The sponsors of the legislation have identified some appropriate objectives with respect to the nominations process: simplify executive branch nominations paperwork, facilitate sharing of the information with appropriate officials in the executive branch, tailor the requirements of background investigations to the nature of the offices involved in the appointment, and increase the efficiency of, and thereby accelerate, each element of the process. The President should direct his subordinates to work together to plan how to accomplish these objectives, execute the plan, and report regularly to him on progress until they achieve all the objectives. The Congress, however, should not mandate by S. 679 that the President do so, for the manner by which a President decides whom to nominate to federal office is beyond the power of Congress to regulate.[8]

The authors of S. 679 have correctly identified serious problems in the process by which the President nominates individuals for federal office and the process by which the Senate considers such nominations. The President and the Senate, respectively, should exercise their existing, ample authority to correct their respective processes. Enactment of S. 679 is not a proper solution to the problems.

David S. Addington is Vice President for Domestic and Economic Policy at The Heritage Foundation.



[1] The 15 cosponsors are the two Senate leaders (Harry Reid of Nevada and Mitch McConnell of Kentucky), as well as Senators Lamar Alexander (R–TN), Jeff Bingaman (D–NM), Richard Blumenthal (D–CT), Scott Brown (R–MA), Tom Carper (D–DE), Susan Collins (R–ME), Richard Durbin (D–IL), Mike Johanns (R–NE), Jon Kyl (R–AZ), Joseph Lieberman (I–CT), Richard Lugar (R–IN), Jack Reed (D–RI), and Sheldon Whitehouse (D–RI).

[2] U.S. Constitution, Article II, Section 2.

[3] Edmond v. United States, 520 U.S. 651, 659 (1997).

[4] Ryder v. United States, 515 U.S. 177, 182 (1995).

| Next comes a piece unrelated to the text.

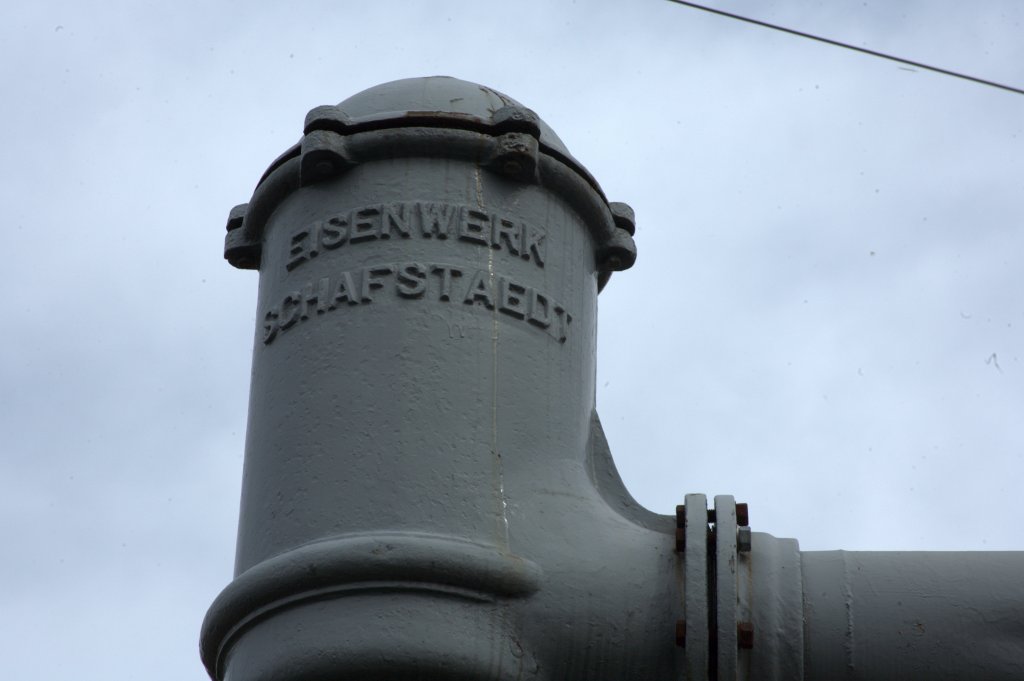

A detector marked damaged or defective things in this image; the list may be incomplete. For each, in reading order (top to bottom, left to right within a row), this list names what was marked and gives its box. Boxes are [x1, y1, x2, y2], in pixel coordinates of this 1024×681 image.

rusty bolt on flange [741, 622, 757, 647]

[5] For example, S. 679 would convert to appointments by the President alone assistant secretaries for congressional relations in executive departments, upon whom both the executive branch and the Congress rely to ensure clear and accurate communications and smooth interaction between the executive branch and Congress. The bill similarly converts assistant secretaries for public affairs, upon whom the executive branch and Congress rely to ensure truthful explanations to the public of what goes on in executive departments. Further, the bill similarly converts assistant secretaries of financial management for the military departments, who supervise the spending of and accounting for many billions of dollars appropriated for the Army, Navy, Air Force, and Marine Corps. Also, the bill similarly converts the Assistant Secretary for Budget and Programs and Chief Financial Officer of the Department of Transportation, even though that officer is the senior officer of the department focused on spending and accounting for the department’s appropriations. The legislation contains many more examples of offices of significant authority or consequence that would no longer require Senate consent for appointments. If the Congress concludes that an office is truly of insufficient authority or consequence to merit Senate participation in the appointments process, the Congress may also want to consider carefully whether the office should even exist.

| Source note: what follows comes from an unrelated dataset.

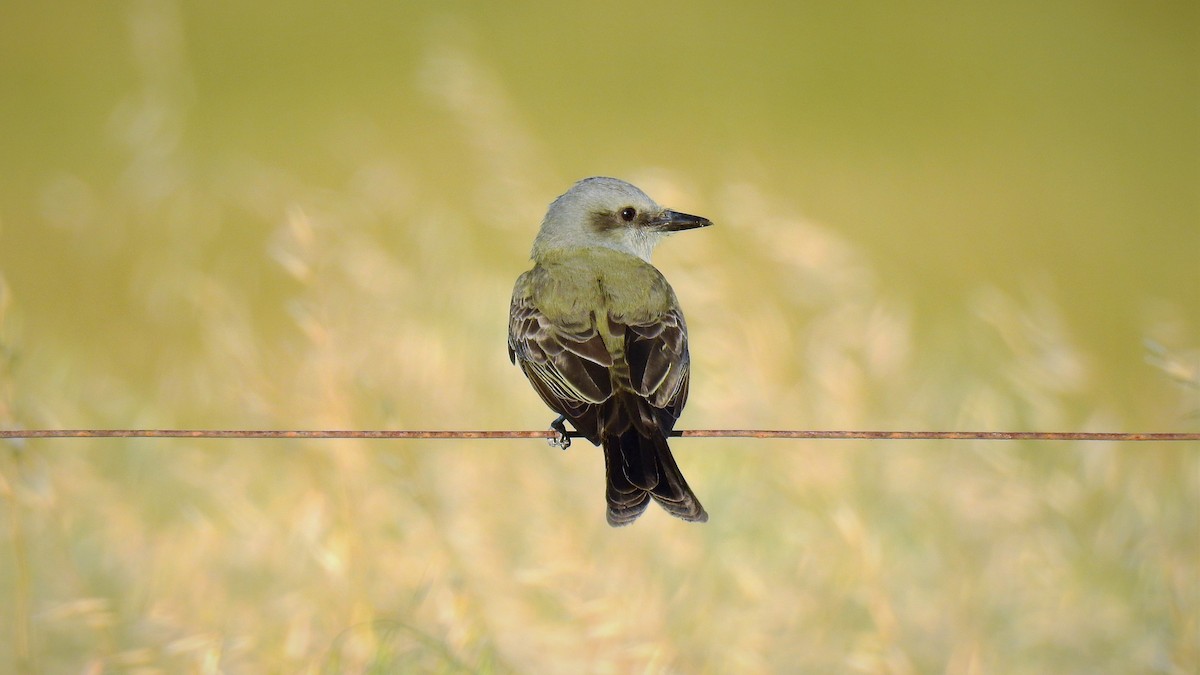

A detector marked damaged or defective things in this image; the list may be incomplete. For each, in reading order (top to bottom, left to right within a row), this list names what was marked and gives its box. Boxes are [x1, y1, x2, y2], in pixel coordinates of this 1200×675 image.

[6] Senate Resolution 116, introduced on March 30, 2011, by Senator Schumer and referred to the Committee on Rules and Administration, provides for somewhat expedited consideration of Senate confirmed appointments to a number of specified boards, but does nothing to address the slow Senate process for the consideration of other nominations.

[7] U.S. Constitution, Article I, Section 5 (“Each House may determine the Rules of its Proceedings … .”).

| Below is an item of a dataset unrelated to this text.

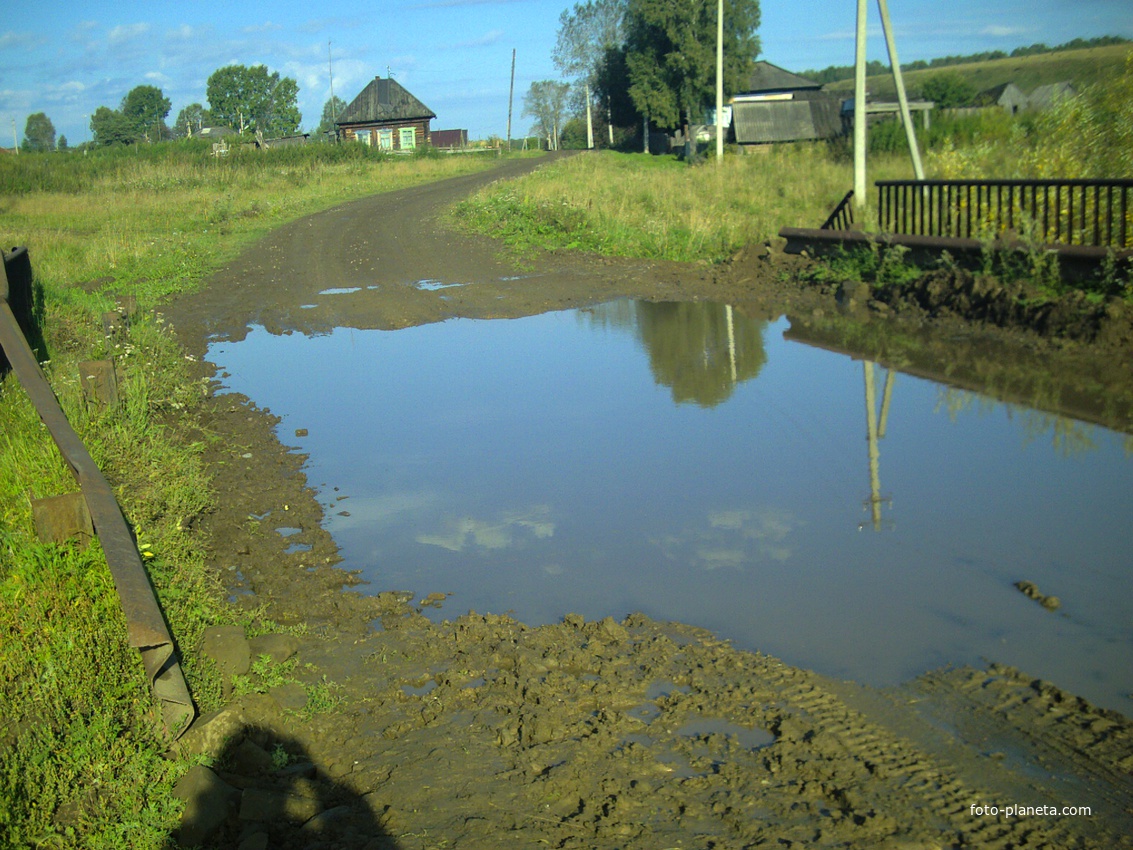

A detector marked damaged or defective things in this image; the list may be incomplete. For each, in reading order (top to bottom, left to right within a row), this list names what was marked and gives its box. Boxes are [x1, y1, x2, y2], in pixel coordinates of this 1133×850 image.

rusty metal fence rail [874, 176, 1133, 249]
rusty metal fence rail [1, 245, 194, 738]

[8] “Common Legislative Encroachments on Executive Branch Authority,” 13 U.S. Op. Office of Legal Counsel 248, 250 (July 27, 1989)(“The only congressional check that the Constitution places on the President’s power to appoint ‘principal officers’ is the advice and consent of the Senate. As Justice Kennedy recently wrote for himself and two other members of the Court:

By its terms, the [Appointments] Clause divides the appointment power into two separate spheres: the President’s power to ‘nominate,’ and the Senate’s power to give or withhold its ‘Advice and Consent.’ No role whatsoever is given either to the Senate or to Congress as a whole in the process of choosing the person who will be nominated for [the] appointment. Public Citizen v. Department of Justice, 491 U.S. 440, 483 (1989)(Kennedy, J. concurring).”).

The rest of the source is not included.